Financial New Year’s Resolutions from Foresters Friendly Society
Thursday, December 12, 2013
It's time to put the festive frivolities behind us! You may have over-indulged, eaten a little too much and had a drink (or two) too many, but rather than confronting your feelings of guilt and ill-health by undertaking a number of usually short-lived New Year's resolutions, Foresters Friendly Society suggests embarking on a number of financially focused resolutions that will be of longer-term benefit both to you and your family.

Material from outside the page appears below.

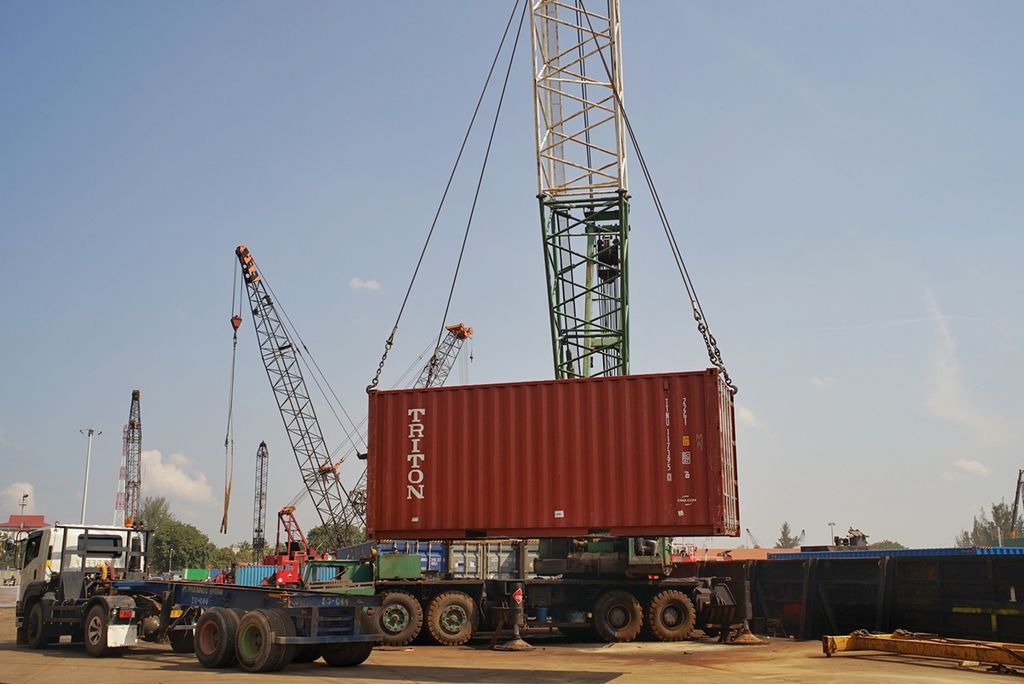 Aktivitas bongkar muat kontainer di Pelabuhan Batu Ampar, Batam, Kepulauan RIau, Senin (29/7/2019).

- Become more financially aware
Instead of browsing Facebook or scouring YouTube, spend ten minutes each day reading the business news and the personal finance pages of the national newspapers. An understanding of financial products is of real benefit - for example, looking beyond a high street bank for savings gives you more competitive options and could help to make you more financially secure. A better awareness of the options available will also help when it comes to renewing things such as insurance.
- Start saving for the future
The simple fact is the sooner you begin saving, the more you will have when it comes to retirement. Foresters Friendly Society offers a range of mid to long-term tax-efficient savings plans such as a Stocks & Shares ISA or the Tax Exempt Savings Plan, both of which allow savers to put away a little and often.
Tax rules may change and will depend on your individual circumstances. You may not get back the full amount invested in the Stocks & Shares ISA depending on the conditions at withdrawal.
- Organise your savings and investments
For those further down the career path and who have worked at more than one company, it's quite possible you will have a number of pension plans scattered amongst previous employers. It's important to not lose sight of each of these savings pots as collectively it may be add up to a good sized sum towards your retirement.
Keeping a diary of all your outgoings is an easy way of staying on top of your household budget and cutting out unnecessary costs. Your diary should include:
- A review of monthly bills - make sure you only pay for what you use. This applies for monthly television bills or bank charges;
- Shopping lists - we each throw-out £500 of food each year*. Make a list to avoid unnecessary purchases and try not to be swayed by the 'buy one get one free' offers;
- Ad-hoc expenditure - the cost of that daily take-away coffee will become apparent if you keep a note of it.
Credit cards are a convenient way of paying for goods but the interest charges are expensive so it's important to clear the balance each month. If you can't manage this, it may be worth considering other low cost loan options.
There are many options to consider when setting your financial New Year's resolutions, but by investing a small amount of time you could start the New Year on a positive note.